Domino Doom - perhaps the slowest port of Doom ever.
I want to see someone do this with ants, like Hex.
with grains of sugar? Actually a bug-based computer ought to be pretty doable. Ants are going to react the same way to the same stimulus. You're right, the world needs this, if only for the puns.
I made exactly this sort of thing a few years ago, although I made things run off of a NOT and an OR. The OR was directly identical to his. The NOT involved essentially a "true" signal (as described by a few people here) that went over a bridge. The other signal collapsed the bridge in a way that prevented the true signal from continuing. It turns out that in general there are serious timing issues that one needs to take into account when combining gates. The best method is to make highly snaking paths at certain points to make sure that the true signals always come in much later then any possible collapses. This works better than his method since one then just needs order of magnitude timing rather than nearly exact timing for some gates.
You also in practice need to make additional bridges so that paths can cross each other without interferring.
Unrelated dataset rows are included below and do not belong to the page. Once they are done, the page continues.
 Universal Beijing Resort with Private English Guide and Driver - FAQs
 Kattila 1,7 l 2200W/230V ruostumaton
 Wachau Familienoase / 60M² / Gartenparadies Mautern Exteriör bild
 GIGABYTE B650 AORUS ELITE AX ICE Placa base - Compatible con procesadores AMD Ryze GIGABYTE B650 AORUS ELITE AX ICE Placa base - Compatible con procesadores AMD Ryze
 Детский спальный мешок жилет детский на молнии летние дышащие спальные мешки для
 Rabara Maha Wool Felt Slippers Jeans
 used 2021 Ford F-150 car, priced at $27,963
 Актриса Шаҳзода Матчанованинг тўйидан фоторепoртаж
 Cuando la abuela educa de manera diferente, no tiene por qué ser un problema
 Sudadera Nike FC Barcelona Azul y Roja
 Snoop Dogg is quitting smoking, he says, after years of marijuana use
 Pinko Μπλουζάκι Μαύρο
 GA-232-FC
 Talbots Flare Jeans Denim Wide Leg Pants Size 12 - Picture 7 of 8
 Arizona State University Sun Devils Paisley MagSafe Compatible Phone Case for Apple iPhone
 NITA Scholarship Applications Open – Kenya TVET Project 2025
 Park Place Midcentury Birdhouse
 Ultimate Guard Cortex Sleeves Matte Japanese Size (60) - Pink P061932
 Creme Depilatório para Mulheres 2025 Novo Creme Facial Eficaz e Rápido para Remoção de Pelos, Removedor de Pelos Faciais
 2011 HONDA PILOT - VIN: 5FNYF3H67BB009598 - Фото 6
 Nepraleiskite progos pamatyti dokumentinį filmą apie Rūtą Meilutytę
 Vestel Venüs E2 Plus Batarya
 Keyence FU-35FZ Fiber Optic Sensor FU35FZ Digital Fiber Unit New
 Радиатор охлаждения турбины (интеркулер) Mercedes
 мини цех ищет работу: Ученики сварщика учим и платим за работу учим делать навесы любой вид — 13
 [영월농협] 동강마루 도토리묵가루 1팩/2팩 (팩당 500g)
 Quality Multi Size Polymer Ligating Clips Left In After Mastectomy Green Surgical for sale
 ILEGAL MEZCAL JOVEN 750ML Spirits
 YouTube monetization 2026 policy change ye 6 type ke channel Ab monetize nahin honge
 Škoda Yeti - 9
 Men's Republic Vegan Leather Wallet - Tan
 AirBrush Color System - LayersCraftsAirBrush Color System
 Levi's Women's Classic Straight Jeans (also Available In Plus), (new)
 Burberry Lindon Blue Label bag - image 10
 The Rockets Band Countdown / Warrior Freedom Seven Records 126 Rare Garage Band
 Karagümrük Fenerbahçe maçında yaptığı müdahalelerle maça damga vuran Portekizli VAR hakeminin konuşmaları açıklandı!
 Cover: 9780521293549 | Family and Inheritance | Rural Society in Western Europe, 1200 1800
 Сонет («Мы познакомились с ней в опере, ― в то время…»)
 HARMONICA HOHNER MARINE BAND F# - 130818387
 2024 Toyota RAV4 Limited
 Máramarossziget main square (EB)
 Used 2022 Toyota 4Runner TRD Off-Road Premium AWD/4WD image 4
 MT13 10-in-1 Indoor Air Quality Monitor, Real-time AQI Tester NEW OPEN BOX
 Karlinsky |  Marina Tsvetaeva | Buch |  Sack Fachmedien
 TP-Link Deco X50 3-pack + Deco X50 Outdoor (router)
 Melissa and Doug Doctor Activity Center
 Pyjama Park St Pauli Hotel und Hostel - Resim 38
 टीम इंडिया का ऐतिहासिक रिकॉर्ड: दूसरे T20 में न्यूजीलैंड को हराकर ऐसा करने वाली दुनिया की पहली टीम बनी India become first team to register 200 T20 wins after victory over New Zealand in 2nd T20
In practice this was one of the most difficult things to do efficiently and reliably since dominos falling off a bridge can trigger the path below if one isn't careful.
isnt the XOR gate cheating? i think he
got lucky with a race condition (?)
Sorta reminds me of this:
http://www.youtube.com/watch?v=n3wPBcmSb2U
Some dude at Portland State built an electromechanical computer out of relays. (There's actually a bunch of EM/relay computers on youtube/the internet if you look.)
XOR gate FTW!!!
I misread the title and thought it said, "Logic gates out of dummies."
I want to see the dummies!
Minor nit with the original post: they don't simulate logic gates, they are logic gates.
#16 Omnivore, #17 FNC, #18 Tonamel: If they were 2 nanometers you might have something. Tiny little things move a lot faster. Maybe reset them with static electricity. There are mechanical thingies being built with the same methods as electronic chips, so Moore's Law holds.